两人说笑了一会儿,各自回房睡了。高铭躺在床上,仍旧仔细回忆着,原书中的情节。
突然灵光一闪,他记得了,当初他觉得那道士的名字,有几分快递的味道,好像叫做什么通,圆通,方通?总之是一个通字。
明天他就去皇城司,叫属下人员调查那公孙胜身边,名字里有通的何姓道人。一旦找到就速速向他禀告,信息这么多,相信很快就能有眉目。

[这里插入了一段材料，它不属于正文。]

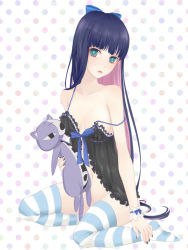 Rule 34 | 10s, 1girl, artist request, bad id, bad pixiv id, blue eyes, blue hair, bow, camisole, colored inner hair, hair bow, honekoneko, honekoneko (psg), kooki, lingerie, long hair, matching hair/eyes, multicolored hair, no panties, panty &amp; stocking with garterbelt, sitting, solo, stocking (psg), strap slip, striped clothes, striped thighhighs, stuffed animal, stuffed cat, stuffed toy, thighhighs, underwear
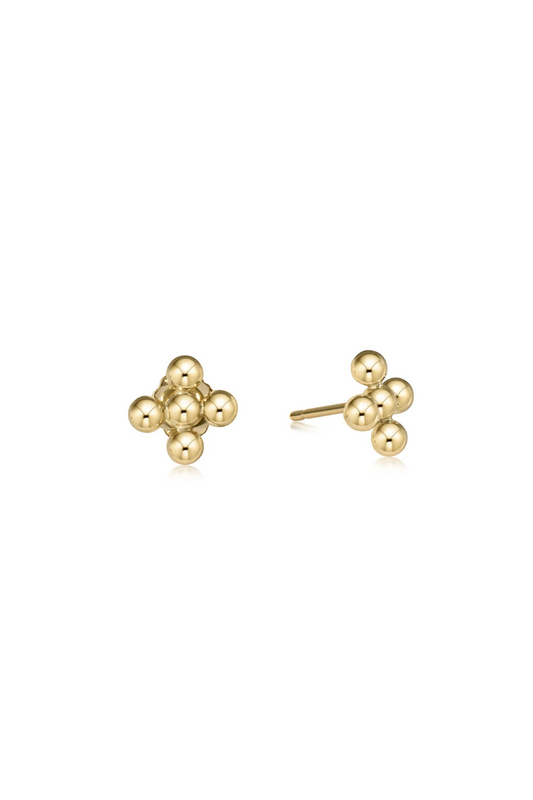 Enewton Classic Beaded Signature Cross Stud - 3mm Bead Gold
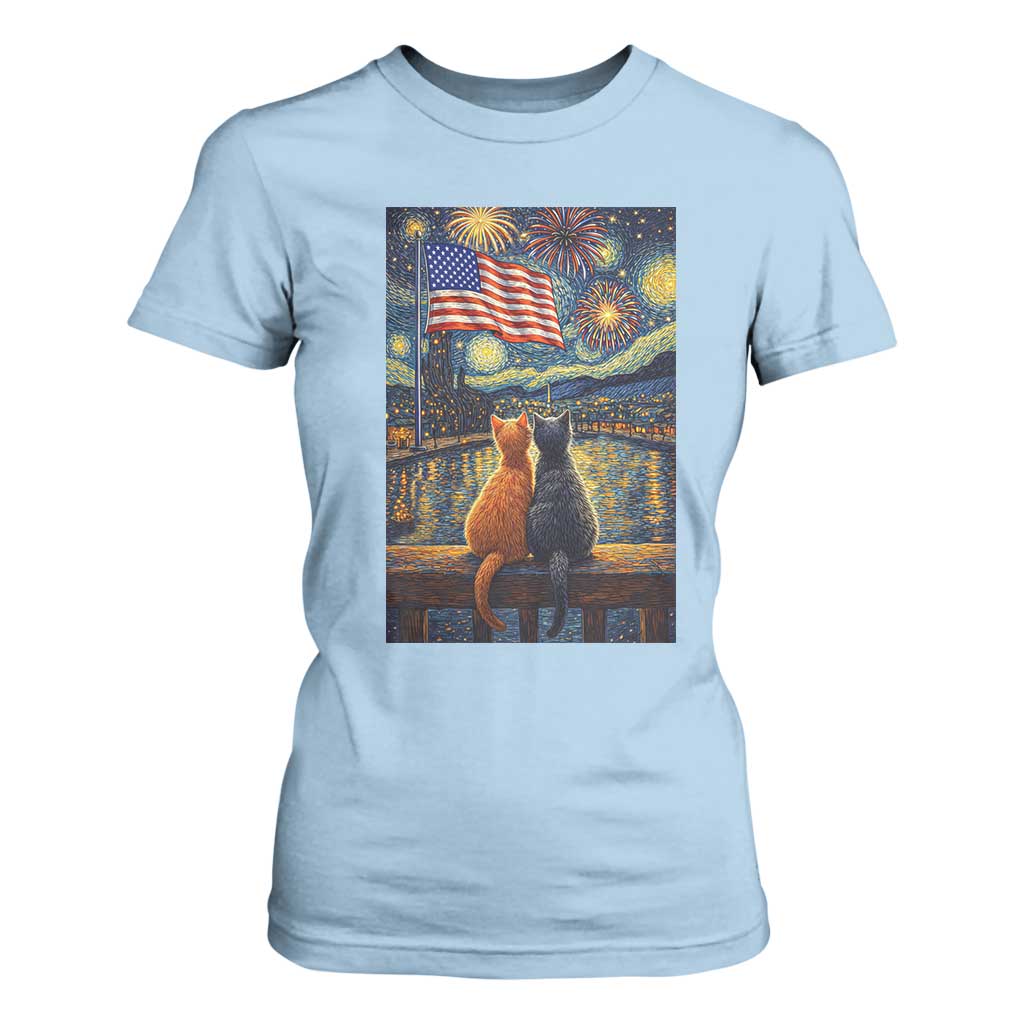 Starry Night Cat Patriotic American Pride T Shirt For Women TS12 Light Blue Print Your Wear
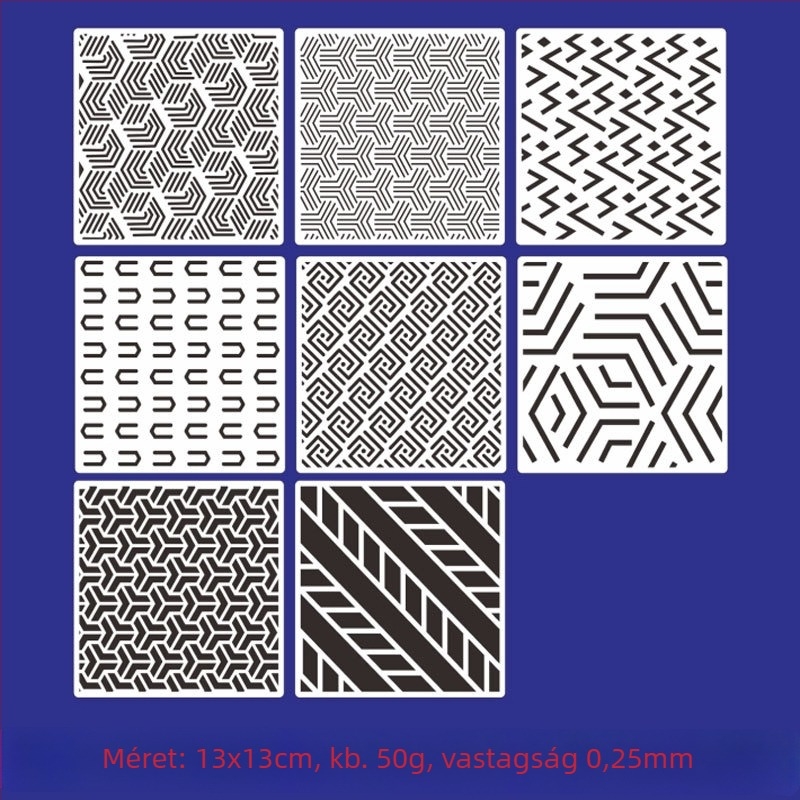 Festés sablon gyerekeknek üreges geometriai mintával, PET anyag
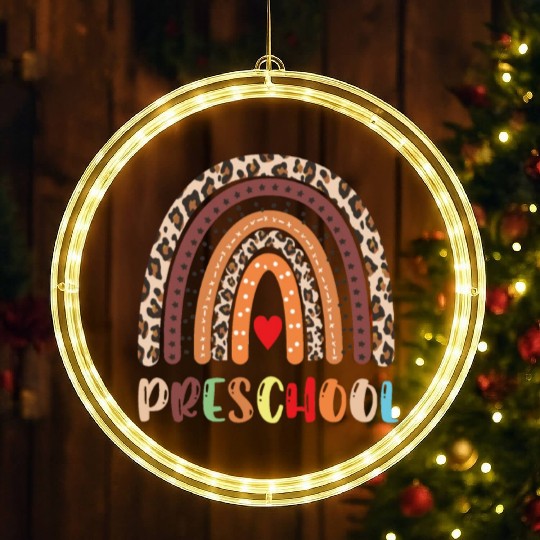 Preschool Teacher Leopard Rainbow Back To School LED Christmas Window Lights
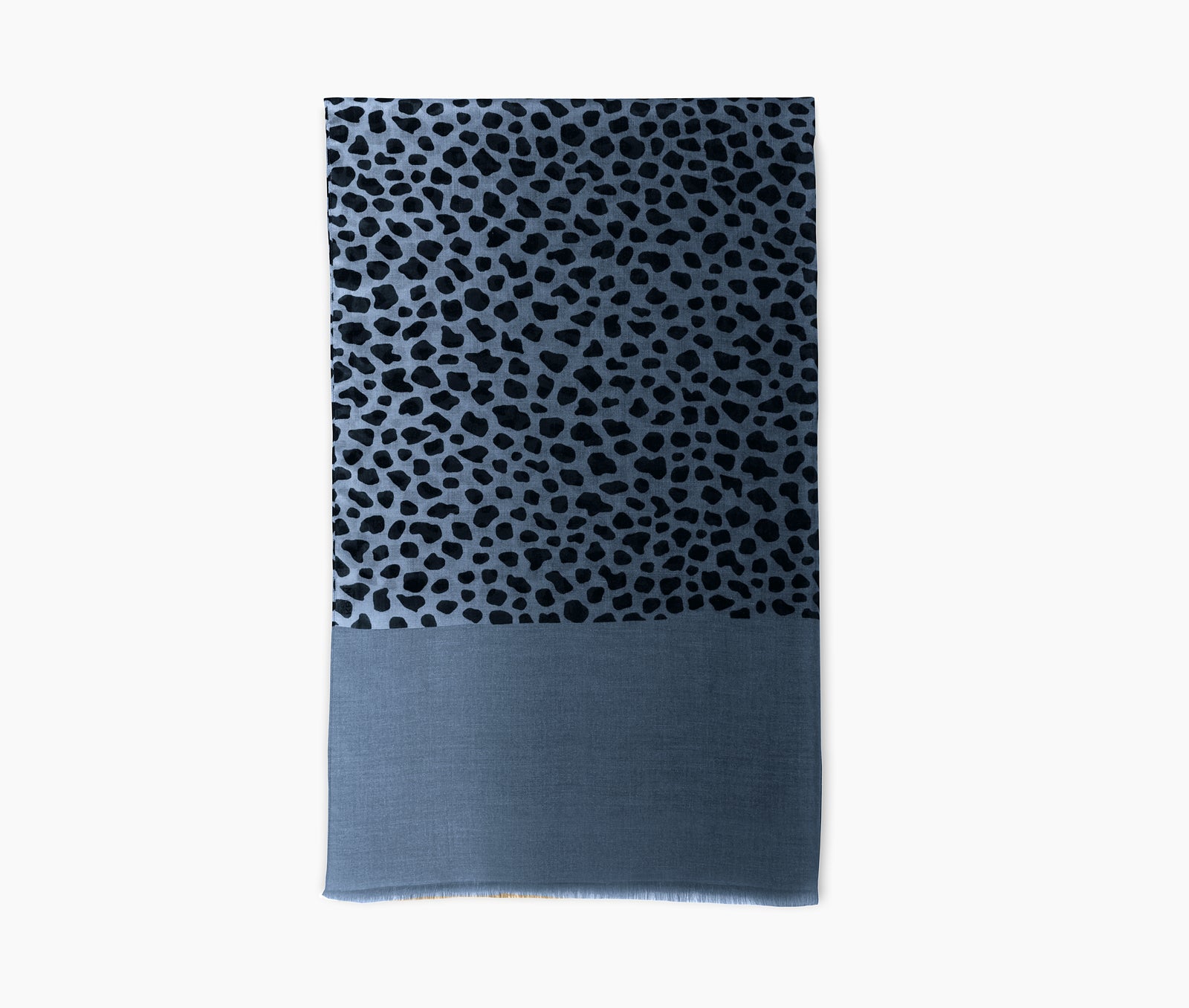 Ania Scarf in blue – front view with soft, lightweight drape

说这人手里有一本祖传下来的破译蝌蚪文的天书,只要抢在皇帝前面,把这个人找到。那么高铭就有办法叫他按照自己的意愿破译那碑文。
想到这里,他的心里才稍稍宽松一些。
赵佶,最近的日子过的不错,接到了从杭州筛选出来的太湖石又亲自接见了这些石头的主人。
向天下昭告花石纲乃是百姓心甘情愿进献给他这个皇帝的,并非像传说中的那样,乃是横征暴敛而来,为自己挽回了一波名誉。
加上自己最心爱的皇子赵楷歼灭方腊的捷报,简直可以用四个字来形容,心想事成。
心情大好,对这些给他带来好心情的人,大加赏赐。
除了自己的宝贝儿子,最大的功臣当属高铭了,保护了城池,抗击了方腊的进攻,又为他成功的选拔了太湖石,挽回了他的名誉。又亲自和花荣捉到了方腊。最重要的是,他救了自己儿子的命。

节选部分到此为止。